The Slatest

In Europe, Green Is the New Red

The new mayor of Bordeaux, wearing a sash, walks down the street flanked by advisers.
Europe Ecologie Les Verts’ Pierre Hurmic walks in a street with his counselors after being officially elected mayor of Bordeaux, France, by the City Council on Friday. Mehdi Fedouach/Getty Images

Europe’s green wave hasn’t crested yet, with ecologically minded parties continuing to rack up impressive election performances in recent weeks.

When Green parties throughout Europe saw unprecedented success in European Parliament elections last year, it was clear that voters were responding to concerns about the climate crisis as well as a loss of confidence in the big mainstream parties that have dominated politics for decades. But EU elections are often favorable for protest votes and fringe parties, and there were questions about whether the enthusiasm would last. “People were already starting to flirt with us. Now they have had a one-night stand. Whether this is a permanent relationship is totally unclear,” Sven Giegold, a leading German Green MEP told me last June. Judging from recent election results, the infatuation hasn’t faded.

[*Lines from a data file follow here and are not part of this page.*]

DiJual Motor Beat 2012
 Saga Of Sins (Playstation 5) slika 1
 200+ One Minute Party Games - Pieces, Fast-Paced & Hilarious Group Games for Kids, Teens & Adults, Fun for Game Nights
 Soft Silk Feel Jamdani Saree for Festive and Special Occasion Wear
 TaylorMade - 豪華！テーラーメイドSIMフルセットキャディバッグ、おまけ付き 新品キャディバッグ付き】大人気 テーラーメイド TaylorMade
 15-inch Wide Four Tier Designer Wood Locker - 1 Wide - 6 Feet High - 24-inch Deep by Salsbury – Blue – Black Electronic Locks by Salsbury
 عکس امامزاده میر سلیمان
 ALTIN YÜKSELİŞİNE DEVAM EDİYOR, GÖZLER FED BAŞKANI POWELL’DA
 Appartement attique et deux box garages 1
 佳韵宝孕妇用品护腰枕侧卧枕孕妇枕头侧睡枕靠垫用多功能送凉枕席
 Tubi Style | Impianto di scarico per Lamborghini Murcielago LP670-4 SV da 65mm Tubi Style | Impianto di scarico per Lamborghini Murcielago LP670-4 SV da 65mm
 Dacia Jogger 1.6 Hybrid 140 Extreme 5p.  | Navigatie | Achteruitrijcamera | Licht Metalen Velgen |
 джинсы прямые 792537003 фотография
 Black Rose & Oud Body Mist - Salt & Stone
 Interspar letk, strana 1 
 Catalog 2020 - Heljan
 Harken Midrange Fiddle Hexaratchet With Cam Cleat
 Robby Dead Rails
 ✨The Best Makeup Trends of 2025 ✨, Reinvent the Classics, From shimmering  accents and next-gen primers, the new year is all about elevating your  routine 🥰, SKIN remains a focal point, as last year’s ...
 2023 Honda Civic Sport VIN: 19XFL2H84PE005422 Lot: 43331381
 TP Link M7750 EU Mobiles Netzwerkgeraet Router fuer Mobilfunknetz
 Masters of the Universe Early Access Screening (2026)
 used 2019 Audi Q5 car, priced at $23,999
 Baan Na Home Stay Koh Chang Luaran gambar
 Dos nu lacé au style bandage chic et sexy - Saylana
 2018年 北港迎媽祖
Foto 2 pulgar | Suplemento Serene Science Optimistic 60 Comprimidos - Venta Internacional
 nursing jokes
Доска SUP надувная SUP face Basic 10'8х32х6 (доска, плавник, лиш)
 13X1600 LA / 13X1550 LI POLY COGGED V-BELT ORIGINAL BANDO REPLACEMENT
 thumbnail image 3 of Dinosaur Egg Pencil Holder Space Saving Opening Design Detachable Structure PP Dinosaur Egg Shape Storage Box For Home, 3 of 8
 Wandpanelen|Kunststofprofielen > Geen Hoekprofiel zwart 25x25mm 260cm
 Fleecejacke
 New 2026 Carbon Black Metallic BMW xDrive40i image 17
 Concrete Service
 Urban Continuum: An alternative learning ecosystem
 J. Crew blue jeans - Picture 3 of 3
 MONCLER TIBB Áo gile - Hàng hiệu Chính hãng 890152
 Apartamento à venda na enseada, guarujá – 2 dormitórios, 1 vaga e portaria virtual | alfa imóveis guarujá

In fact, in several countries the greens appear on the verge of eclipsing old-school socialist or social-democratic parties as the main electoral voice of the left.

Local elections in France last week featured what Le Monde described as a “green wave,” with the country’s Green Party, officially known as Europe Écologie Les Verts, winning in Lyon, France’s third largest city, as well as in Bordeaux, Strasbourg, and several other major cities, while President Emanuel Macron’s centrist En Marche party failed to make much of a dent. As the BBC noted, France’s once dominant Socialist party has been “all but wiped out at a national level”, but one bright spot for the party was the reelection of Paris mayor Anne Hidalgo who ran with the support of the Greens and has made fighting climate change a centerpiece of her tenure.

In Ireland, the Green Party was key in bringing about a coalition deal reached on June 26, bringing an end to months of political deadlock since an inconclusive election in February. The country’s two historic rival center-right parties, Fianna Fail and Fine Gael, will govern together for the first time. They reached a majority only with the support of the Greens, who signed on after winning concessions including a government target of 7 percent annual average carbon emissions cuts.

Germany has one of the world’s oldest and strongest Green parties—it’s celebrating its 40th anniversary this year and has been a part of national-level coalitions in the past—looks set for a return to power. With elections for the Bundestag looming next year, the Greens in second place behind the ruling CDU with 20 percent of the vote. As Deutsche Welle puts it, Die Grünen are “replacing the Social Democrats as Germany’s second party, and a likely partner for the next government coalition.”

The Greens’ recent gains come at a time of increased political fragmentation that has benefited smaller parties, and have mostly come at the expense of center-left stalwarts like the French Socialists or Germany’s SPD. But recent developments in Austria show that perhaps we shouldn’t be so quick to assume the Greens will be the new voice of the left.

At the beginning of this year, the Austrian Greens struck a coalition deal with Conservative Chancellor Sebastian Kurz’s Austrian People’s Party. The 33-year-old Kurz had previously been in coalition with the Freedom Party, a far-right party founded by ex-Nazis, until that government fell apart as a result of an extremely sloppy scandal involving a drunken night in Ibiza and Russian influence peddling. Kurz’s new partnership marks a shift to the left, but not as dramatic a shift as you might think. His government continues to stand against “political Islam,” and for lower taxes and reduced immigration. He has vowed to “protect the climate and the borders.”

The coalition deal was approved by an overwhelming 93 percent of the Green Party’s membership. Writing in the American socialist magazine Jacobin, activist Teresa Petrik suggests we shouldn’t be surprised by this. “Some Green voters might identify as left-wing,” she writes, “Yet most of the party’s base are highly educated and financially well off. They are not the people who will suffer from continued welfare cuts and the neoliberal policies the new government is pushing forward.”

Austria’s strange new government is more troubling evidence of just how easily environmental concerns can be wedded to a hard-line anti-immigration agenda. But on the other hand, it’s also a sign that the climate issue has become so mainstream in Europe that even the bona fide right-wingers are embracing it. The U.S. is not quite there yet.